O Brasil abriga milhares de espécies diferentes de águas-vivas, entretanto, são poucas aquelas consideradas peçonhentas, como por exemplo, a caravela portuguesa! Você com certeza já viu uma boiando no mar ou até mesmo já morta na areia da praia.
E como acontecem os acidentes?
Biologicamente falando, quando elas se sentem ameaçadas, soltam um ferrãozinho microscópico cheio de filamentos que injetam uma substância venenosa na pele da vítima, fazendo a pessoa sentir uma dor tão intensa que lembre a sensação de uma queimadura.
Os sintomas costumam ser muita dor, inchaço e ardência, mas tudo depende do tipo do animal e da sensibilidade e saúde da pessoa acidentada. Caso a pessoa tenha uma reação alérgica, a gravidade aumenta de forma significativa.
O que fazer caso ocorra o acidente?
Vamos fazer um passo a passo para você não esquecer!
- Primeiro de tudo, retire a pessoa do mar e, sem esfregar, lave o local com água do mar!
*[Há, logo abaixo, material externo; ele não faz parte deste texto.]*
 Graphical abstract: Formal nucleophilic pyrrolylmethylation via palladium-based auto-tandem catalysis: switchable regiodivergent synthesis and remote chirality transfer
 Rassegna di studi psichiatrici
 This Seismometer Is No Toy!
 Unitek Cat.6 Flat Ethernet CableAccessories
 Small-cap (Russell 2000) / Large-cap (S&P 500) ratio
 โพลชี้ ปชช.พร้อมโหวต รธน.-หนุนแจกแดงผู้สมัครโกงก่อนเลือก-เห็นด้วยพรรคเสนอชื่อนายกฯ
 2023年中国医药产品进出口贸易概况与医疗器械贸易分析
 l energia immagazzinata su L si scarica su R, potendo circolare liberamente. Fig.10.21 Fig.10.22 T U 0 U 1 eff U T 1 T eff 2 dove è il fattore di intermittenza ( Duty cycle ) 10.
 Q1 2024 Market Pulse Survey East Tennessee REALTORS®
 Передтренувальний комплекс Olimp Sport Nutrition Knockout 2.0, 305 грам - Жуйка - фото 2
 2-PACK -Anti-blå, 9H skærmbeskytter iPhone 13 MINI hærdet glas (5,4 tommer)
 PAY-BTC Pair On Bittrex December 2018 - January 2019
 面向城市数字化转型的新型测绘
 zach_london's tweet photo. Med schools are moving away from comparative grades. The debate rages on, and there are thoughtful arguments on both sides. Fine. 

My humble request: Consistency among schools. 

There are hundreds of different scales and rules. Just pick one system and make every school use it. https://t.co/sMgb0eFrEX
JAMAIS faça xixi, jogue água doce, passe álcool e nem sabonete na área afetada, essas substâncias vão estimular a liberação de toxinas que podem estar retidas nas células dos tentáculos, isso pode aumentar a dor e até mesmo o ferimento!
- Segundo passo, utilize um cartão de crédito, um palito, pinça…qualquer coisa que consiga remover, com cuidado, os tentáculos que podem ter ficado grudados à pele.
- Terceiro passo, faça compressas de vinagre, isso vai ajudar a aliviar a dor porque o ácido acético consegue neutralizar a ação das toxinas.
É necessário correr para o pronto-atendimento?
Geralmente acidentes com águas-vivas são tratáveis em casa, mas se os sintomas persistirem ou piorarem, é indicado buscar atendimento médico, principalmente se a vítima for um idoso ou uma criança.